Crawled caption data

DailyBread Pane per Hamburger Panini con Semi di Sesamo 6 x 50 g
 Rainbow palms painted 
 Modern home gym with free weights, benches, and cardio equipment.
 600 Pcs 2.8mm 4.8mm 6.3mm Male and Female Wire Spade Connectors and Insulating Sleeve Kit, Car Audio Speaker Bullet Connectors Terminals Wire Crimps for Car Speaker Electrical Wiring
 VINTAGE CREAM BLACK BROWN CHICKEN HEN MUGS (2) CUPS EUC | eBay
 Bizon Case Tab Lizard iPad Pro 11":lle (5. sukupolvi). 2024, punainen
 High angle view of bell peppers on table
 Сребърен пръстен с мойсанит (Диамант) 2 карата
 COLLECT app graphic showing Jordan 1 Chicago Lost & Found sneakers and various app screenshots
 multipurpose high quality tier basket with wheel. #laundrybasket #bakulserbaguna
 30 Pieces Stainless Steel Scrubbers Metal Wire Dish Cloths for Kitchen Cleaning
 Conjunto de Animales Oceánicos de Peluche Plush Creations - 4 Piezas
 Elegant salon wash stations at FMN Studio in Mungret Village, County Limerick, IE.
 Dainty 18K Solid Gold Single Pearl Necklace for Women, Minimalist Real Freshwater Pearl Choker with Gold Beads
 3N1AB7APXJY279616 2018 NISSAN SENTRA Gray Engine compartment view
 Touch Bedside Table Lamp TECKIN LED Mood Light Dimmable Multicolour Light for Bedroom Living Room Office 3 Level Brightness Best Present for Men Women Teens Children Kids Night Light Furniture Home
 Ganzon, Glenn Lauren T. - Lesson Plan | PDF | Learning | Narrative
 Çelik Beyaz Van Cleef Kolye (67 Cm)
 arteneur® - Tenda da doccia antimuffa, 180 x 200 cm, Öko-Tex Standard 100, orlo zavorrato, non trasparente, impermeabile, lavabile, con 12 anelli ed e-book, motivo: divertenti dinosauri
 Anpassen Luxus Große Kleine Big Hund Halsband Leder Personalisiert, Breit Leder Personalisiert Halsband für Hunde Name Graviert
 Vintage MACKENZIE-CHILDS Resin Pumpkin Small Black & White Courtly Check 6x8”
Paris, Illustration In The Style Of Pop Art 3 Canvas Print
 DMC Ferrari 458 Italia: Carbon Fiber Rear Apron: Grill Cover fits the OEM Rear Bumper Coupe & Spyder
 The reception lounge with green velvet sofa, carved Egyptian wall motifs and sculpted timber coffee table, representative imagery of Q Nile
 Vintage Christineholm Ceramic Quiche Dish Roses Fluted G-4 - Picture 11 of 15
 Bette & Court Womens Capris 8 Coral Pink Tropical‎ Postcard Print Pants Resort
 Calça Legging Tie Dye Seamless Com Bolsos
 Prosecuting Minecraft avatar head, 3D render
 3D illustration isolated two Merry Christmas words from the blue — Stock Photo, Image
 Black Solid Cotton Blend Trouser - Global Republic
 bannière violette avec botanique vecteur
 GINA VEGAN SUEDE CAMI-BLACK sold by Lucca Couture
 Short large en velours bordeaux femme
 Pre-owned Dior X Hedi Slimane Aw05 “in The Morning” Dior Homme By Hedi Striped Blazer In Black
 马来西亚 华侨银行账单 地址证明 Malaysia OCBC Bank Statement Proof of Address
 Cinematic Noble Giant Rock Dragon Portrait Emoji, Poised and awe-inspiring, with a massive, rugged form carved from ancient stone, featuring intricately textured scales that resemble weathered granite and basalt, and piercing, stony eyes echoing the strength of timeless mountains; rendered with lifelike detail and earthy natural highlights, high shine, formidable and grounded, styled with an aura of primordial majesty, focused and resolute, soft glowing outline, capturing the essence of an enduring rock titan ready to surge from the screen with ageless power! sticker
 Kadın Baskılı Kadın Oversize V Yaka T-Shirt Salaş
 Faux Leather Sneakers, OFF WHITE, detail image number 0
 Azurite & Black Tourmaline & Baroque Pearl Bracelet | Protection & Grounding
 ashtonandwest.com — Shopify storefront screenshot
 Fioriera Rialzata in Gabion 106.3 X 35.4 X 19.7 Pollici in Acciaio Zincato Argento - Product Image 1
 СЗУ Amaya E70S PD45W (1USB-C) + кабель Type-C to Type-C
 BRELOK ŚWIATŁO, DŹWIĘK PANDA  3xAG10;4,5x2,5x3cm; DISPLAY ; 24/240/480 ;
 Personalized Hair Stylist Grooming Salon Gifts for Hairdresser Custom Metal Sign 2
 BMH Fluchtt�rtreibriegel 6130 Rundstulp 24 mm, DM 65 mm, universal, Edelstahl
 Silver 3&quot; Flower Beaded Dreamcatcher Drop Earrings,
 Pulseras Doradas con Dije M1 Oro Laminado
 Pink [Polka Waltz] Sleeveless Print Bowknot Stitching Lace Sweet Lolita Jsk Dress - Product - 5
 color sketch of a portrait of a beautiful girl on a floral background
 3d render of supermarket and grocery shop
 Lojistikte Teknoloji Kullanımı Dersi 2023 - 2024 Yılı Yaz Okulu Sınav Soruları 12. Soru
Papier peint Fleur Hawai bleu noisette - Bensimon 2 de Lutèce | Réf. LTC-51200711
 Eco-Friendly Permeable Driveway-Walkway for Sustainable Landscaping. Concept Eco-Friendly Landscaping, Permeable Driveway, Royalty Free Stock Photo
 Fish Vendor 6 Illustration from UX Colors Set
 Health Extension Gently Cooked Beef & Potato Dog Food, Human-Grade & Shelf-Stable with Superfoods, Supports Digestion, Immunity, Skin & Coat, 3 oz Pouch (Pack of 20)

__TASK DESCRIPTION__
Among the lines of the records, copy out each one that contains the word "Metal".

__TASK ANSWER__
 30 Pieces Stainless Steel Scrubbers Metal Wire Dish Cloths for Kitchen Cleaning
 Personalized Hair Stylist Grooming Salon Gifts for Hairdresser Custom Metal Sign 2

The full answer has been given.